Dear Video Games: Please Stop Trying To Be Like Movies, So Much

'The Last of Us Part II' is the latest title that arguably forgets gaming's more unique qualities

Anonymous

Anonymous

Words: Stacey Henley

When I listened to Run The Jewels' latest album, I never once thought about how it reminded me of a good book. When I watched Hamilton on Disney+, it never crossed my mind to compare it to a sculpture. Occasionally, we do compare two bits of entertainment in this way, but it's neither the default nor the gold standard of praise in other mediums.
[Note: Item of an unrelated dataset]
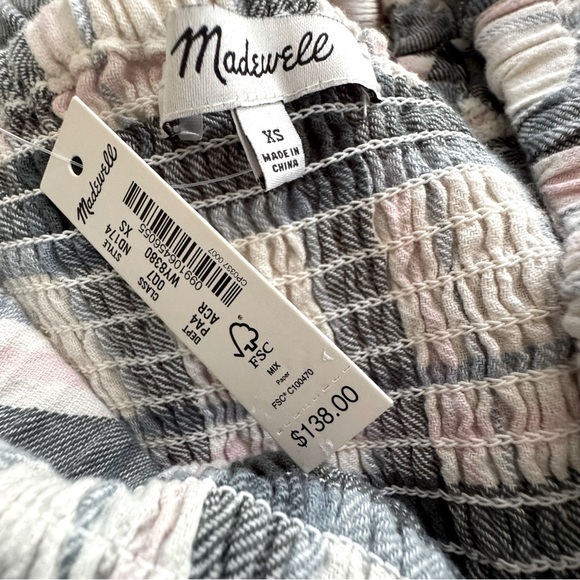 NWT Madewell Cotton Flannel Lucie Smocked Mini Dress in Lebaum Plaid Size XS - Picture 8 of 10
Yet where video games are concerned, there seems to be an obsession with comparing them to films. The Last Of Us Part II is the latest in a long line of games to earn the "it's like a film" tag, and while it won't be the last game to be spun through this cyclical conversation - because we've definitely had this conversation before - it might just be the loudest.

The Last Of Us Part II /
Sony Interactive Entertainment, Naughty Dog

Conversations around this game in particular have raged on since a series of pre-release leaks, but the "it's like a film" debate really kicked off a week before the game came out, when the review embargo lifted. One person who'd been playing the game ahead of release, Jeff Cannata, was at the centre of this storm, tweeting: "In a medium where everything is John Wick, The Last of Us Part II is Schindler's List."
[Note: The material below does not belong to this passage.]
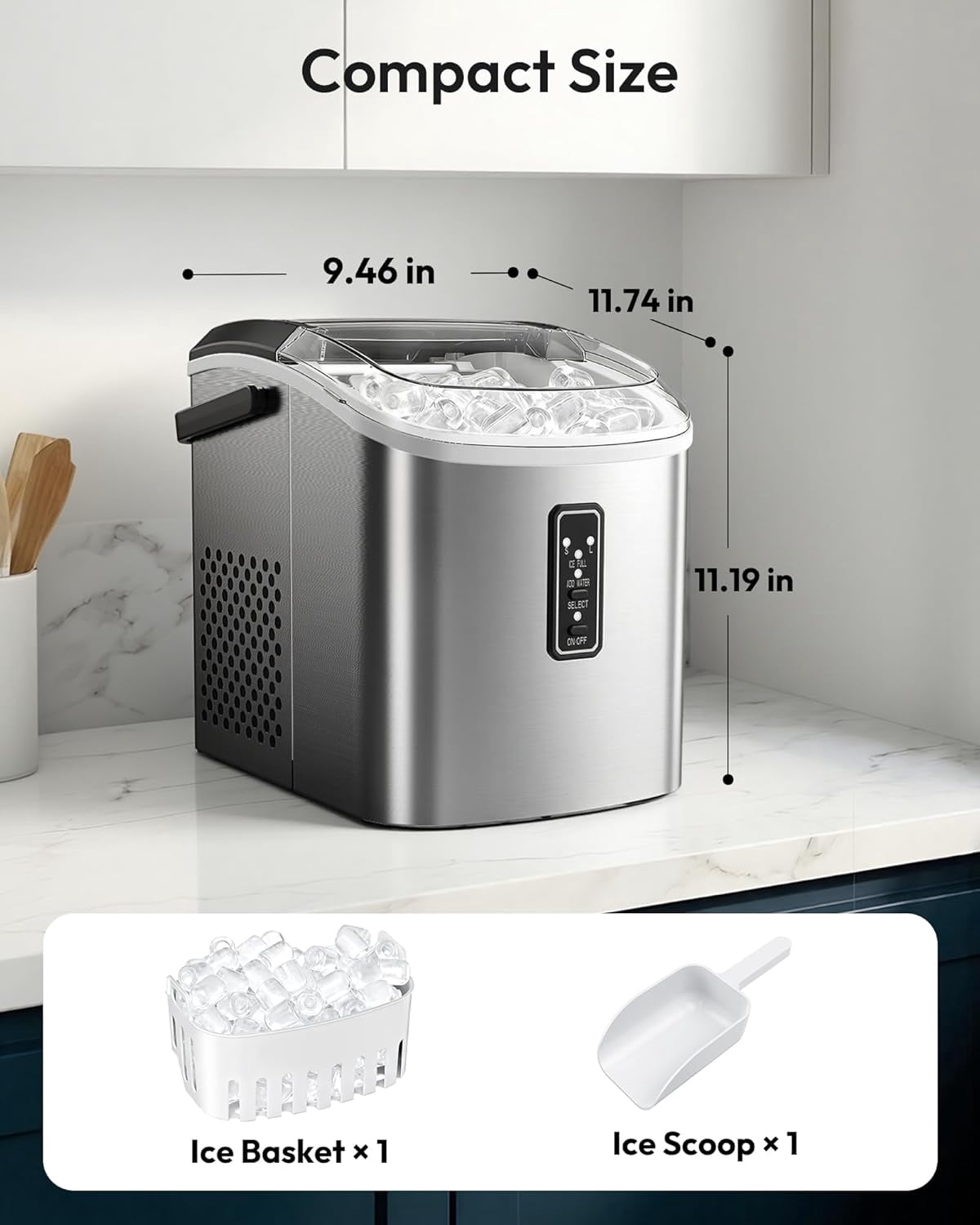 Portable Ice Maker Countertop with Self-Cleaning, 9 Cubes in 6 Mins, 26lbs/24H Capacity, Includes Basket and Scoop for Home and Office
Firstly, it's incredibly bad taste to use the Holocaust - an atrocity which killed over six million people, lest we ever forget - when you're talking about a fictional zombie game. There's also the fact TLOU2 can be played exactly like John Wick if you abandon stealth (as we can see in the action-packed gifs posted by @SunhiLegend). But the main issue with the comparison is how it highlights why AAA games feel like they're being shunted down an increasingly narrow corridor. It doesn't really matter which films were in the Wick-List metaphor; the fact simply being a film is considered the highest praise is a problem that can stifle game direction that seeks to try something different.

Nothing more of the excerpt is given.